Dolby Introduces TrueHD 96kHz Upsampling
New audio coding brings sound improvements to Blu-ray audio
This week at the Fidelity Forum—a press event hosted by Dolby—a new system was unveiled that takes Blu-ray audio to the next level.
Higher sampling rates can make a big difference in audio. Simply put, the sampling rate refers to the number of times an audio signal is sampled per unit—in this case we’re talking about the samples per second (Hz). More samples per second generally means a better audio signal. The audio on most Blu-ray discs is sampled at 48kHz. That’s not bad, and we’ve been pretty happy with it for the past couple of years, but more is always better. The trouble is that even the original movie tracks are usually only recorded at 48kHz, so once a movie migrates to disc, there isn’t much that can be done. Dolby’s new system upsamples that audio signal to 96kHz at the master stage prior to the Dolby TrueHD encoding, so you get lossless audio with fewer digital artifacts.
Actually the “fewer digital artifacts” part comes from a feature of Dolby’s upsampling process called de-apodizing which corrects a prevalent digital artifact known as pre-ringing. Pre-ringing is often introduced in the capture and creation process and adds a digital harshness to the audio. The apodizing filter masks the effect of pre-ringing by placing it behind the source tone—the listener can’t hear the pre-ringing because it’s behind the more prevalent original signal. The apodizing filter was adapted from technology developed by Meridian for audiophile-quality CD players selling for $18,000.
I was able to hear the results of the new upsampling process at Dolby’s Fidelity Forum this week at the company’s San Francisco headquarters. During the demonstration, all the samples sounded fuller, more distinctive and with a better soundstage. What was particularly surprising was the effect of the apodizing filter. I was initially skeptical, because the engineering description of pre-ringing seemed more like jargon, but in practice, I could definitely hear the difference.

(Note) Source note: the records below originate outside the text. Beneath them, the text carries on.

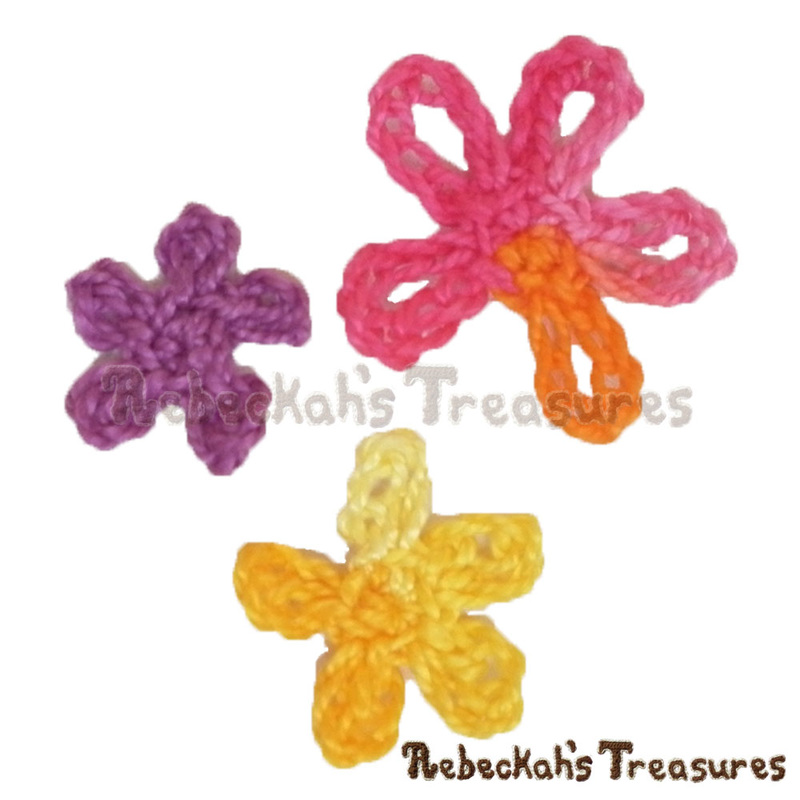 3 Cotton Thread Sea Flower Motifs | FREE crochet patterns via @beckastreasures | Enchanting appliqués for under the sea projects! #motif #crochet #seaflower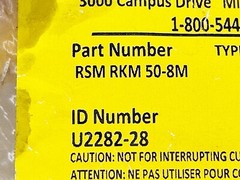 New Turck RSM RKM 50-8M Double Ended Cordset M/F Connector 18AWG U2282-28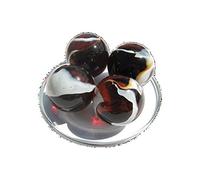 MaRécréation - 2 Billes en Verre Boulard 35 mm - Mes Calots and Co, Collection Big Ones (Boulard, Rouge Iguane)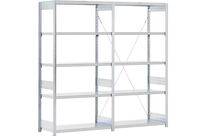 Bito - Rayonnage Charge Lourde Type S - 2066mm Largeur - 5 Tablettes 300kg/tablette - Montage Rapide Sans Outils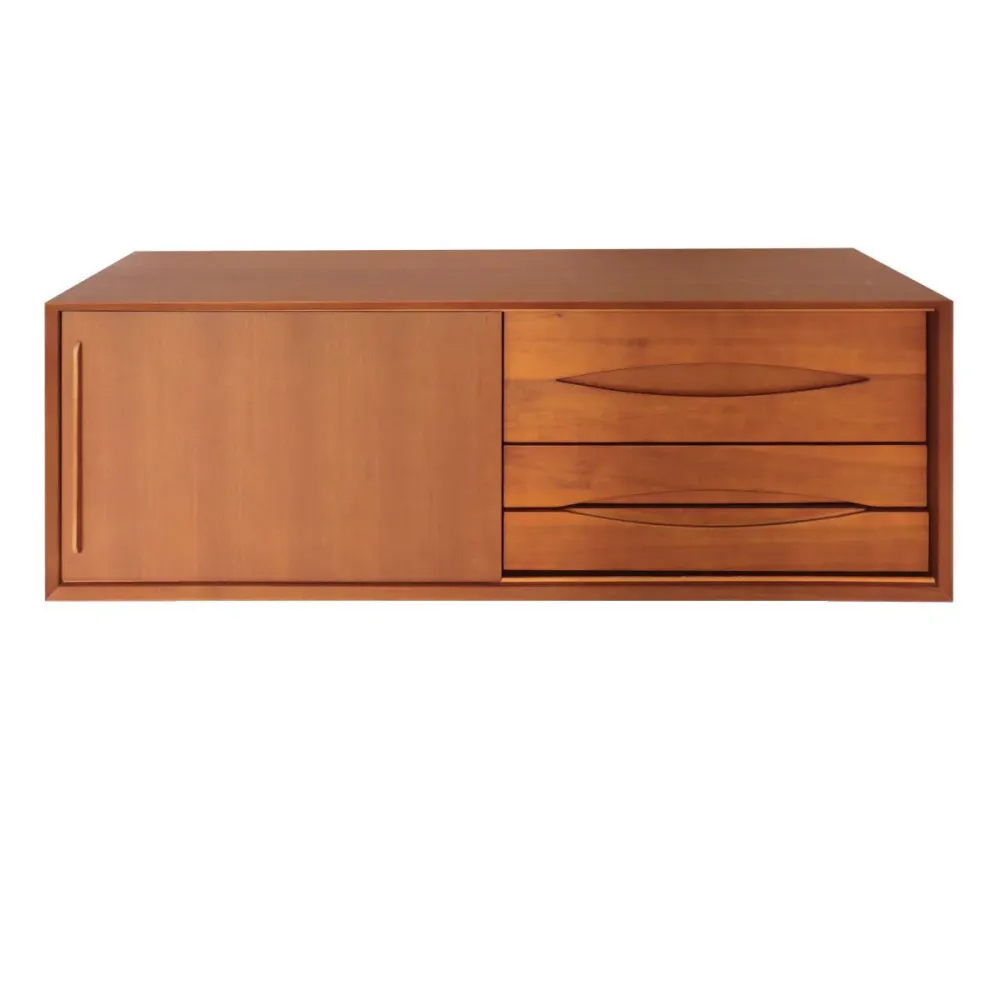 Retro zwevende badkamermeubel Bill - Tectona - 150 cm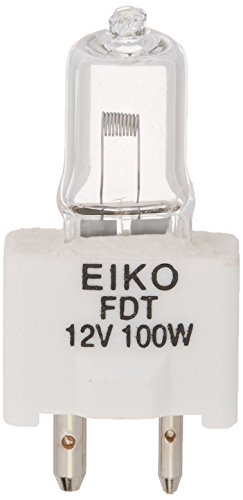 Eiko FDT T3-1/4 GZ9.5 Base Halogen Bulb, 12V/100W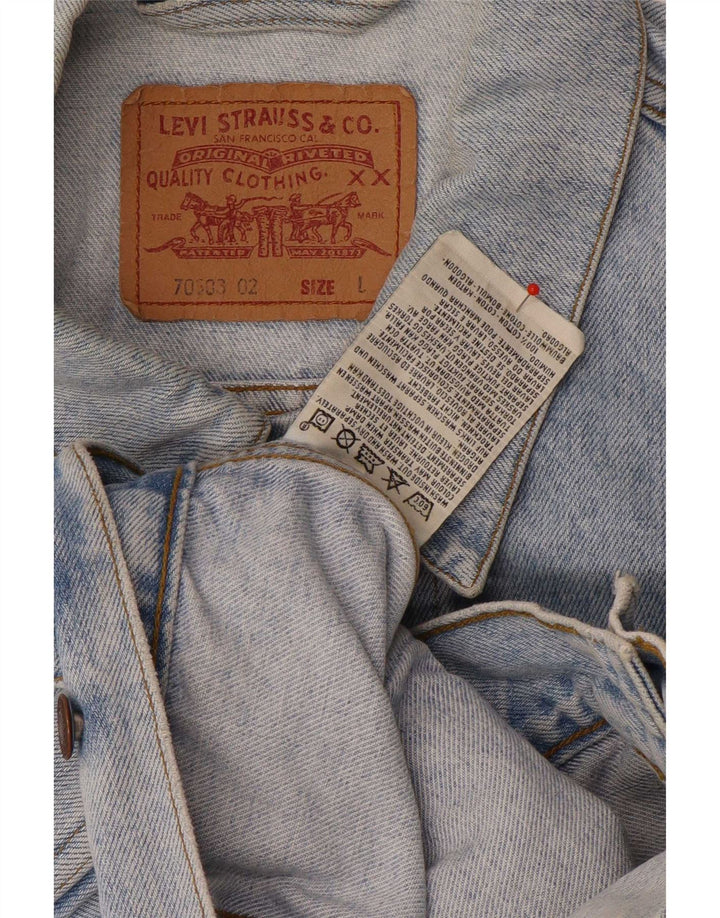 Levi's Mens Denim Jacket UK 40 Large Blue Cotton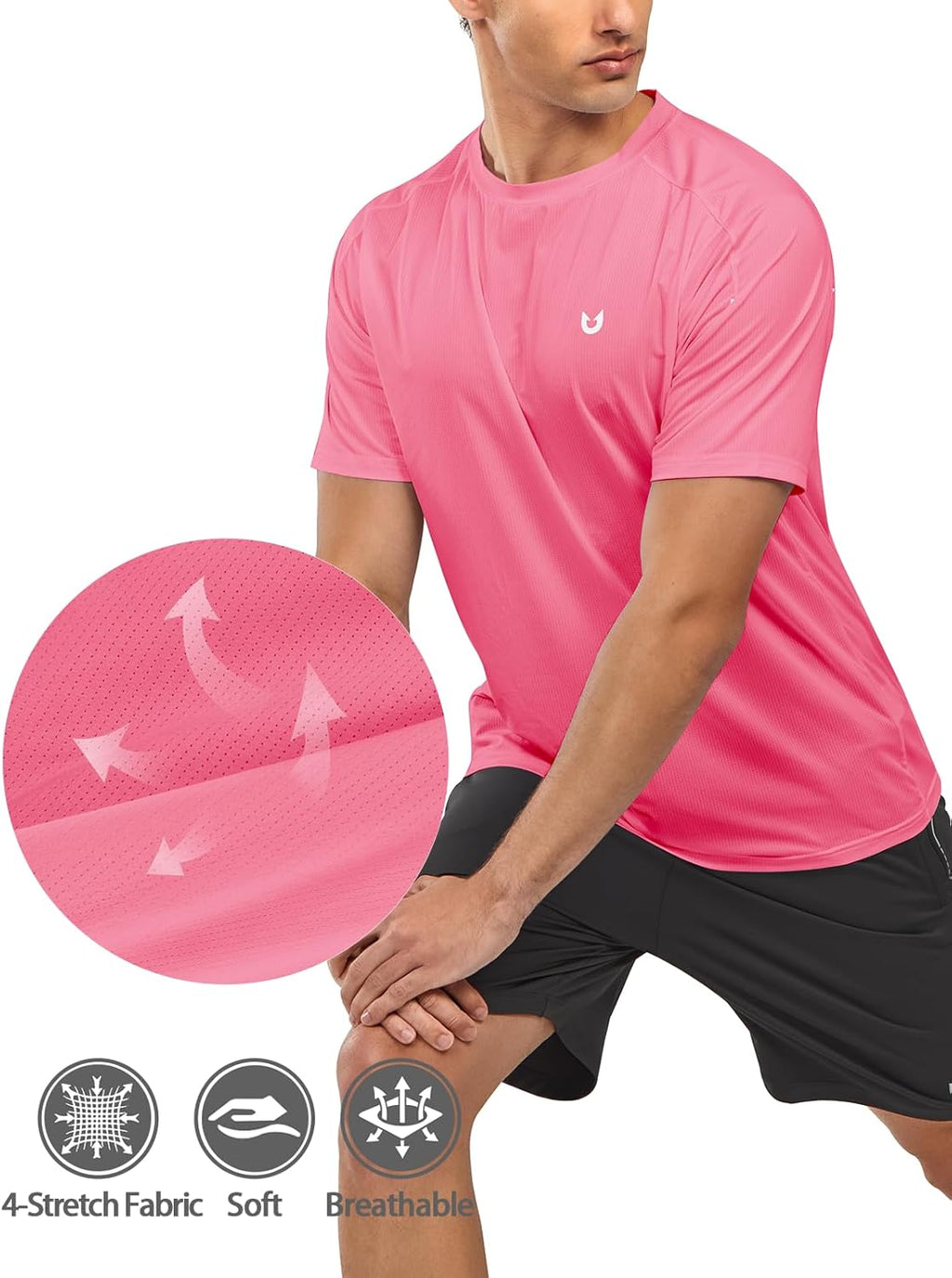 NORTHYARD Men's Athletic Running T-Shirts Quick Dry Workout Shirts Short-Sleeve Sports Gym Tee Tops Performance Activewear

Higher tones seemed less severe and more natural. There also seemed to be improvements in the overall ambiance of soundtracks—an airy quality that made the 48kHz versions seem flat. The results can be subtle, but they’re noticeable enough that if you’re looking for the best audio, it is worth it.
There are already home theater components that include built-in upsampling features, but since the Dolby system hits the signal with upsampling before it’s been encoded to TrueHD, the result is closer to the source. Also, other upsamplers won’t do the apodizing filter trick that contributes a lot to the final results.
In order to enjoy the benefits of a 96kHz disc, you’ll need an AV receiver cable of playing it. Generally, newer receivers can, but not all of them. Many new receivers support sample rates up to 192kHz.
Dolby said several mixing houses have already upgraded their systems to take advantage of the new technology. In the US, two new releases Satchurated: Live in Montreal and San Francisco Symphony at 100 will feature the 96kHz soundtracks. Dolby created a new logo for display on discs that include 96k audio (see the Saturated disc pictured).
Ideally we’d have Blu-ray discs with audio that was recorded natively in 96k, but that rarely happens, especially on film titles. Until that becomes more common, Dolby’s solution is a boon for people who value the sound as much as the picture. It’s also a great tool for the enormous back catalog of movies that have yet to be released on Blu-ray discs, and even more reason to make sure our audio gear is up to date.